Empowered Communities and
Fairer Land Ownership

Great meeting with Energy Co-operatives Ireland yesterday and looking forward to developing rewable energy grids for communities in #DBN .

Posted by Paul Clarke - Independent on Thursday, 22 October 2015

The phrase 'think global, act local' may on occasion seem a bit trite, but there is much to be said for this philosophy. If we are to collectively move towards a sustainable future for ourselves and our planet then we must think in terms of small-scale communities who can work towards a future fair for all. In these times when all news can sometimes seem bleak, there are plenty of stories of communities which are not just surviving but thriving. When communities are empowered by governments to utilise the land and work towards carbon neutrality and energy self-sufficiency, we can see what individuals are truly capable of achieving and can have hope for the global community as well.
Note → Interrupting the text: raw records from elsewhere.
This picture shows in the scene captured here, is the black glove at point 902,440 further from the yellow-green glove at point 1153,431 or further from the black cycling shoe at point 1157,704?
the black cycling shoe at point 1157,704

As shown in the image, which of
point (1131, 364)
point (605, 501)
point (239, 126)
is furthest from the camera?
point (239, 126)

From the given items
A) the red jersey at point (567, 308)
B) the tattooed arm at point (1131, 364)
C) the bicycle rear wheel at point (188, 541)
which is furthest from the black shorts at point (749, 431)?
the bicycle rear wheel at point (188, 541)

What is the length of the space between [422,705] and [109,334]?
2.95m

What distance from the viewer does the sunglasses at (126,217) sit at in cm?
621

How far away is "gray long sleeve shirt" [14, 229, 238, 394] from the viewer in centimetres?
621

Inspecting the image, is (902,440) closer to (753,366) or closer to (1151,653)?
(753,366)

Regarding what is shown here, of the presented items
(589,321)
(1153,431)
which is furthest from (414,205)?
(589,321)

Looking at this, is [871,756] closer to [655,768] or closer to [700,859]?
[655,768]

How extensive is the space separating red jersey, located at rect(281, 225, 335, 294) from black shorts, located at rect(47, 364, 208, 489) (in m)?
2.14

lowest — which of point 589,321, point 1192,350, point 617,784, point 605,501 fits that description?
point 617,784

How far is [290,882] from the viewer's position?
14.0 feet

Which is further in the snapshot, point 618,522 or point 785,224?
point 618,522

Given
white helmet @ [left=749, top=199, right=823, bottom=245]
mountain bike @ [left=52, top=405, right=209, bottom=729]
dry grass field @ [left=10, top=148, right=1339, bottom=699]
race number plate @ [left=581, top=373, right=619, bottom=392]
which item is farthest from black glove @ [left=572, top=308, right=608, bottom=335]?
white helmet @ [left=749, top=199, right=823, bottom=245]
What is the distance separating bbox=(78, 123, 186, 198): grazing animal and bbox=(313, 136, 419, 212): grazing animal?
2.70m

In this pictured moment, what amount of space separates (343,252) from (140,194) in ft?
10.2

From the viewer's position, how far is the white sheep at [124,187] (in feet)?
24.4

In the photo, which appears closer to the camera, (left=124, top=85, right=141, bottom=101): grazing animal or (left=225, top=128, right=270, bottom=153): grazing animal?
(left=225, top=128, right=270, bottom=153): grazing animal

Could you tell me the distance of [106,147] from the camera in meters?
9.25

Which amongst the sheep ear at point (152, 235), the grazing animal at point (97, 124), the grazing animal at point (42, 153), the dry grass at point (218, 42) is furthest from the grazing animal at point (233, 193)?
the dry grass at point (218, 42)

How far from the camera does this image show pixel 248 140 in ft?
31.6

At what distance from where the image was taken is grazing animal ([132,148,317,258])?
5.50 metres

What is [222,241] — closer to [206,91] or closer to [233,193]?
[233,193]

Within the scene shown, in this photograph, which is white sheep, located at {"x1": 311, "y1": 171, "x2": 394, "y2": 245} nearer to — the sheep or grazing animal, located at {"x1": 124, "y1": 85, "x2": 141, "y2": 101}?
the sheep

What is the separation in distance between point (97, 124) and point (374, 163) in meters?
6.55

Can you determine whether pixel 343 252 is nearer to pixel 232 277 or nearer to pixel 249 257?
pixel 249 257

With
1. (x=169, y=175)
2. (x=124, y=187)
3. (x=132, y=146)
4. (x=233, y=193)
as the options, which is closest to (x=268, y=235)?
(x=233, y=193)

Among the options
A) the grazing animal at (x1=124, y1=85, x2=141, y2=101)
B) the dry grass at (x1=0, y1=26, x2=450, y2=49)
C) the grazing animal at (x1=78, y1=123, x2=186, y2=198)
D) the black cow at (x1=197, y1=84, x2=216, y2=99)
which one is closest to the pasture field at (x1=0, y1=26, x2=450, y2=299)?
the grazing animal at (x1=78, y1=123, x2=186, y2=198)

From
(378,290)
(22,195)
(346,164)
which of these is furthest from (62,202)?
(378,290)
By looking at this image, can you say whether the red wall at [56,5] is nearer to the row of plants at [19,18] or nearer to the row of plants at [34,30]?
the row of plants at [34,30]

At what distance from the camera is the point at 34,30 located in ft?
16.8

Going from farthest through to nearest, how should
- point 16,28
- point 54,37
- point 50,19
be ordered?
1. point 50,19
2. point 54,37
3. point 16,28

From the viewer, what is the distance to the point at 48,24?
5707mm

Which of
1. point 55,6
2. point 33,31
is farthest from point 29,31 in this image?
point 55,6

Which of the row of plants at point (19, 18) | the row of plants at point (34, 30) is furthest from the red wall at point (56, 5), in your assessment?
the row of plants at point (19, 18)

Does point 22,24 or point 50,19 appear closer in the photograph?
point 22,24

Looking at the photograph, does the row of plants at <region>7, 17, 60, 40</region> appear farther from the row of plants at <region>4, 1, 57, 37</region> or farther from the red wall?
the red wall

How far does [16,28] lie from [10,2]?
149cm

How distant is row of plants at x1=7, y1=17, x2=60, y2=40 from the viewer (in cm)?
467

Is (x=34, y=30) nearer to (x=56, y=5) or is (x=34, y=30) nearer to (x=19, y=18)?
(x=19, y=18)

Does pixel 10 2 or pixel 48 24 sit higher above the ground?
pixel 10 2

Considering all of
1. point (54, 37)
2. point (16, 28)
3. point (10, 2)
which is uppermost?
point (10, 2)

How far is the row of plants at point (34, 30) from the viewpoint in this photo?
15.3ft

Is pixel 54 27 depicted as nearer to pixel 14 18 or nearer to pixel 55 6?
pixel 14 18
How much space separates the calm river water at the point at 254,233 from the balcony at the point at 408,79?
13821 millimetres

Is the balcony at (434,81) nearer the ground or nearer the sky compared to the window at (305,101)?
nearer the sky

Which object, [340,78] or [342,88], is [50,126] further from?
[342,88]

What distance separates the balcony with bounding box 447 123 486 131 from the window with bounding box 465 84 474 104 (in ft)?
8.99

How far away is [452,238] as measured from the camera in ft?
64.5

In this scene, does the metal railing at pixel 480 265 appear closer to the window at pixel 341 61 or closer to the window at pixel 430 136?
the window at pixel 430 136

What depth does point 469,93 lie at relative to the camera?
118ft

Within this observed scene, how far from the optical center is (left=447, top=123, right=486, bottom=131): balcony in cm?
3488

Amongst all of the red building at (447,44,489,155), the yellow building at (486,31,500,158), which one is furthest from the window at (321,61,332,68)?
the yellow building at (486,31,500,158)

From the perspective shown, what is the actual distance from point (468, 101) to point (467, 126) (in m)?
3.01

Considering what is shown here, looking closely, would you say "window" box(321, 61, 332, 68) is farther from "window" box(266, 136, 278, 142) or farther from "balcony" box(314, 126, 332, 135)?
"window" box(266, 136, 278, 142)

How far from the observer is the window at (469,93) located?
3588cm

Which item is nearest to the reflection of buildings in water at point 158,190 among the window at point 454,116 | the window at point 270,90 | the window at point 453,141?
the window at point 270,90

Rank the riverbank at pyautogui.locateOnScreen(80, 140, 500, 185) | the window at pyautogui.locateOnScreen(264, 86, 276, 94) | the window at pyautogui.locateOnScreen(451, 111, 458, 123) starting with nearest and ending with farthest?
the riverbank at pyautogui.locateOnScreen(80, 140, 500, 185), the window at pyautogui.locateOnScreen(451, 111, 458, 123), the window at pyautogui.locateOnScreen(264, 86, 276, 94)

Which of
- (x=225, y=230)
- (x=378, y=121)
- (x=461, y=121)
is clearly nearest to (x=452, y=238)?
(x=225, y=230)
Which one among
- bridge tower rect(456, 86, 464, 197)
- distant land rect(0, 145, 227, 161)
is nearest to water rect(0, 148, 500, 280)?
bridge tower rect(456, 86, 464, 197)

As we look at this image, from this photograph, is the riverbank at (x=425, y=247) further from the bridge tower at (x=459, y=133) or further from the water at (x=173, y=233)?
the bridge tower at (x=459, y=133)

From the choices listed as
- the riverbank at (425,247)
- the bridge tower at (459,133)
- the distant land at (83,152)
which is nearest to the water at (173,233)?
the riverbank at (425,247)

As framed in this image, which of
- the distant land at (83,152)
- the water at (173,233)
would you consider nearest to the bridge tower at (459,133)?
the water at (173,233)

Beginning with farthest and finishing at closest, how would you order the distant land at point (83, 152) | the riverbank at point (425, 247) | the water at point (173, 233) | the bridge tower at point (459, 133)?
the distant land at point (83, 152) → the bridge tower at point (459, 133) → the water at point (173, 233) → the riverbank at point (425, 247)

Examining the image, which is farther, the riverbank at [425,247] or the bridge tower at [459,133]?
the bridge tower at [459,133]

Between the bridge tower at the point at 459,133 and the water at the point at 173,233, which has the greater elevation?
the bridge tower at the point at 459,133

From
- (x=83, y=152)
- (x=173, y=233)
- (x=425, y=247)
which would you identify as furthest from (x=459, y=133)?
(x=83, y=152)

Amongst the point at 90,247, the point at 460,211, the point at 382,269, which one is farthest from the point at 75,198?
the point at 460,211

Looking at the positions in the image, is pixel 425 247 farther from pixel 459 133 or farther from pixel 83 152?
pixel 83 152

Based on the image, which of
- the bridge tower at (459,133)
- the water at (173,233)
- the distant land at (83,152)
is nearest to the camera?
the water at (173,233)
The Transition movement is beginning to show what is possible for communities who work independently towards a shared environmentally sustainable goal. This movement began in the UK almost ten years ago and now there are grass roots initiatives popping up all around the world. There are now more than 400 communities around the world making great strides forward. Transition towns are not run by local government but work in conjunction with it. Ecological resilience is achievable but only if communities feel that they have a stake in their community and feel that their collective efforts can achieve change. This means communities must have control over their land and be able to use it for the betterment of all.
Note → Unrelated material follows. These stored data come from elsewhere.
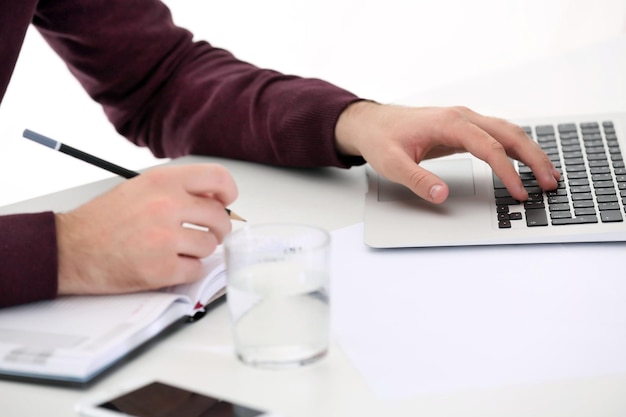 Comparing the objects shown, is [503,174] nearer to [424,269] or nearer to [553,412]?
[424,269]

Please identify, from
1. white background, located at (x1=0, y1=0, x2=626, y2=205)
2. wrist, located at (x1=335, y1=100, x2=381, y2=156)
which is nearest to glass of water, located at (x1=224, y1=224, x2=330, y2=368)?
wrist, located at (x1=335, y1=100, x2=381, y2=156)

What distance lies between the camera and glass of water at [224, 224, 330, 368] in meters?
0.64

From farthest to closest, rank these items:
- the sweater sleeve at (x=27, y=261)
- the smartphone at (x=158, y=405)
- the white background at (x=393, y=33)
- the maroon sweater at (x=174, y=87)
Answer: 1. the white background at (x=393, y=33)
2. the maroon sweater at (x=174, y=87)
3. the sweater sleeve at (x=27, y=261)
4. the smartphone at (x=158, y=405)

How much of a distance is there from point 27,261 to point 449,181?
52 cm

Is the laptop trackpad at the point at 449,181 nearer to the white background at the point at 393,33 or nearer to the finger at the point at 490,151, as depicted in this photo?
the finger at the point at 490,151

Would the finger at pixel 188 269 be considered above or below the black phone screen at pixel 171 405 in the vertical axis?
above

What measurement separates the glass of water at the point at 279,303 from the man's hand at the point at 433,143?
329mm

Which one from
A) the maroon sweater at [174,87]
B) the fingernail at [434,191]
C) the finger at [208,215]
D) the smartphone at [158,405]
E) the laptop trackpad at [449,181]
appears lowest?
the smartphone at [158,405]

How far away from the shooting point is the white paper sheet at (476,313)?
641 mm

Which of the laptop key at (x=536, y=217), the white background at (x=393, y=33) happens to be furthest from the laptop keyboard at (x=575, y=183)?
the white background at (x=393, y=33)

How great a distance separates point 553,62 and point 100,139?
1811 mm

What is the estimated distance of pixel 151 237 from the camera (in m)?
0.75

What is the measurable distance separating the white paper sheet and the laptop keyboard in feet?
0.14

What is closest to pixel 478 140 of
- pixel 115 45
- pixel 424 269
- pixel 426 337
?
pixel 424 269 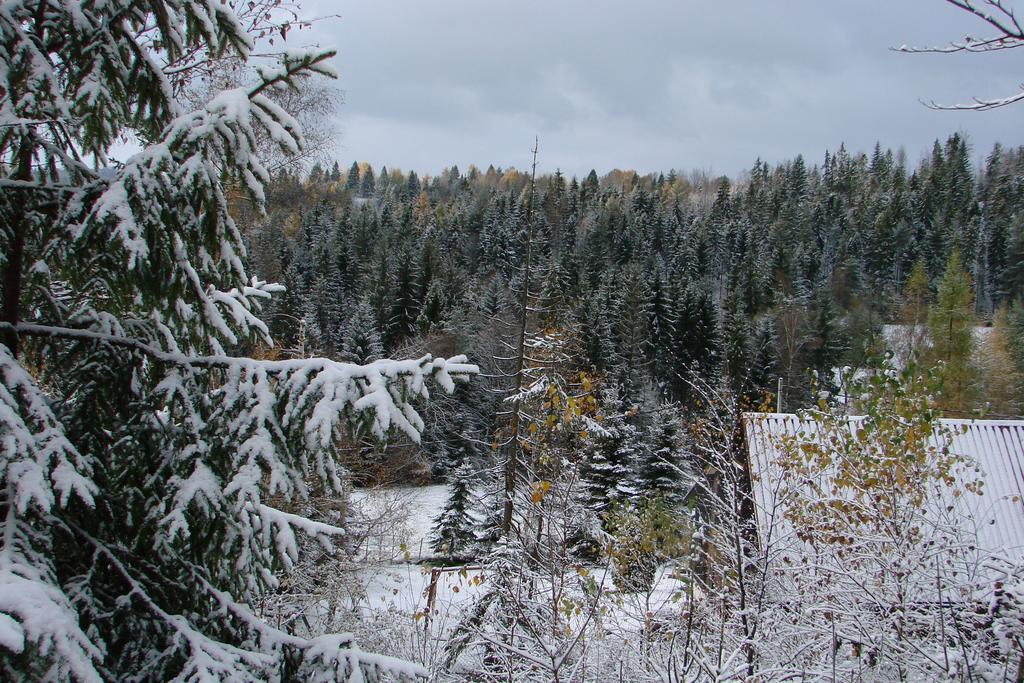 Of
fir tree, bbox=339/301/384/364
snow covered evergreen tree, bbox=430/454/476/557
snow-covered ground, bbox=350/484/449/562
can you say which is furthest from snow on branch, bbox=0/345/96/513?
fir tree, bbox=339/301/384/364

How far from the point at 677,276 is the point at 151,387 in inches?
2149

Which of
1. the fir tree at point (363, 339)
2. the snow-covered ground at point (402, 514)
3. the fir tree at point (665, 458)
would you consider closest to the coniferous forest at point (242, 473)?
the snow-covered ground at point (402, 514)

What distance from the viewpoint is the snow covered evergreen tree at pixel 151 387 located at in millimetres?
2139

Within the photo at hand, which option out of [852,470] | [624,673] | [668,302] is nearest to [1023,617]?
[624,673]

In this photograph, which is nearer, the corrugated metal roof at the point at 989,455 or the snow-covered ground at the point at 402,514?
the corrugated metal roof at the point at 989,455

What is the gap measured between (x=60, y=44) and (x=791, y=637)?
589 centimetres

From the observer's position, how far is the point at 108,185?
226cm

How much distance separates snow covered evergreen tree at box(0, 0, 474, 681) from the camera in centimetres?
214

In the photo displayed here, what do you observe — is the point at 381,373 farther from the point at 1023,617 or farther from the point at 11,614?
the point at 1023,617

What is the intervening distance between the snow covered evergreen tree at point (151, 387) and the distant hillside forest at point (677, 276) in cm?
594

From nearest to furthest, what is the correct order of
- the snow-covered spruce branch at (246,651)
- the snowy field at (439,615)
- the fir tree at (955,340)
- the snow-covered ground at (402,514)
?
the snow-covered spruce branch at (246,651) → the snowy field at (439,615) → the snow-covered ground at (402,514) → the fir tree at (955,340)

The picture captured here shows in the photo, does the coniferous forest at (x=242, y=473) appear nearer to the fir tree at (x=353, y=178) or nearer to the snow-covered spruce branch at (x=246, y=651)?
the snow-covered spruce branch at (x=246, y=651)

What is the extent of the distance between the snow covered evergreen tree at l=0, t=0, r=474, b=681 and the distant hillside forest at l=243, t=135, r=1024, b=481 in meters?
5.94

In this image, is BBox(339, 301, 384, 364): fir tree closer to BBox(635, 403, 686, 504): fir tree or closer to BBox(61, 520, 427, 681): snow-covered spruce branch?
BBox(635, 403, 686, 504): fir tree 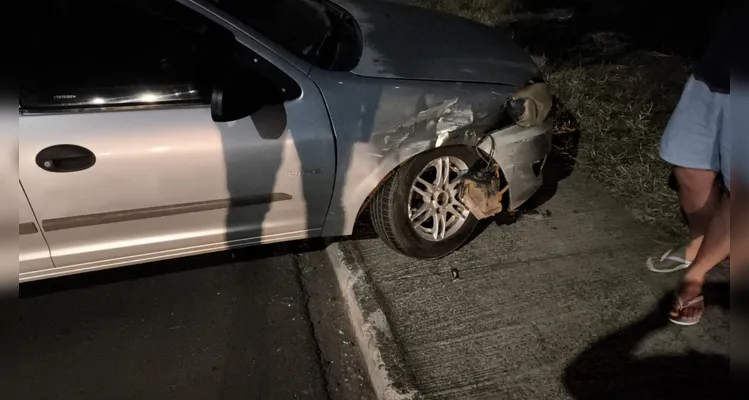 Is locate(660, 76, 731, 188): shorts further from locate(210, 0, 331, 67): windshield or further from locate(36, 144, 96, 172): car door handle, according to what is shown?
locate(36, 144, 96, 172): car door handle

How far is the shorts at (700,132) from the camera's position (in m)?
2.51

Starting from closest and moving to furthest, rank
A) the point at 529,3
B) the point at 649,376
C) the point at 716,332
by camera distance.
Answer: the point at 649,376 → the point at 716,332 → the point at 529,3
Many different areas are best considered first at a local level. Food production, for example, can be one of the most important areas when it comes to reducing carbon footprint. Communities can encourage local small-scale food production. Permaculture principles can ensure that the soil is not depleted, that yield is up and reliance on fossil fuels is down. Community gardens can enable people to be closer to their food and understand where it comes from. Food transportation miles can be reduced. Waste too, can be a local issue. Rather than whisking waste away and having an 'out of sight, out of mind' mentality, local efforts to reduce, reuse and recycle can educate and empower. Communities can work together to solve transportation issues relevant to where they live. First and foremost, a community can be truly resilience if it can use renewables to become fully energy independent.

Moving beyond Transition to accomplishment: the Scottish community owned island of Eigg, purchased by the community in 1997, is entirely energy self-sufficient. The island's power comes from a mixture of renewable sources – solar panels, wind turbines and hydroelectric schemes. The community trust on the Scottish Island of Rum has also shown how local communities can thrive when given control of their own land and natural assets. This community is only a few years old but already they are well on their way towards being self-sufficient in terms of energy and food production. These are just two of many examples which show how important it is for local communities to have access to and control of their land and the great things that can be achieved when communities are empowered in this way.

Economically, socially and environmentally speaking, communities are stronger when they control the land and can fairly make use of it together. This is why this model is being repeated again and again around the world. Forging links between these empowered communities, we can 'think global' and not just survive, but thrive.

In Ireland, Energy Co-operatives Ireland are helping communities to grow, developing renewable energy projects and helping with transition plans, acting as a bridge between all the different agencies involved. The Aran Islands will act as an example of the possible for such projects and a site for ongoing research. In partnership with Energy Co-operatives Ireland they will be Ireland's first living energy technology development centre. The Aran Islands have announced their intention to be totally energy independent by 2022. Without the co-operation between communities and green companies, such exciting developments would not be possible. With community engagement, we could and should see such schemes being rolled out all over the country.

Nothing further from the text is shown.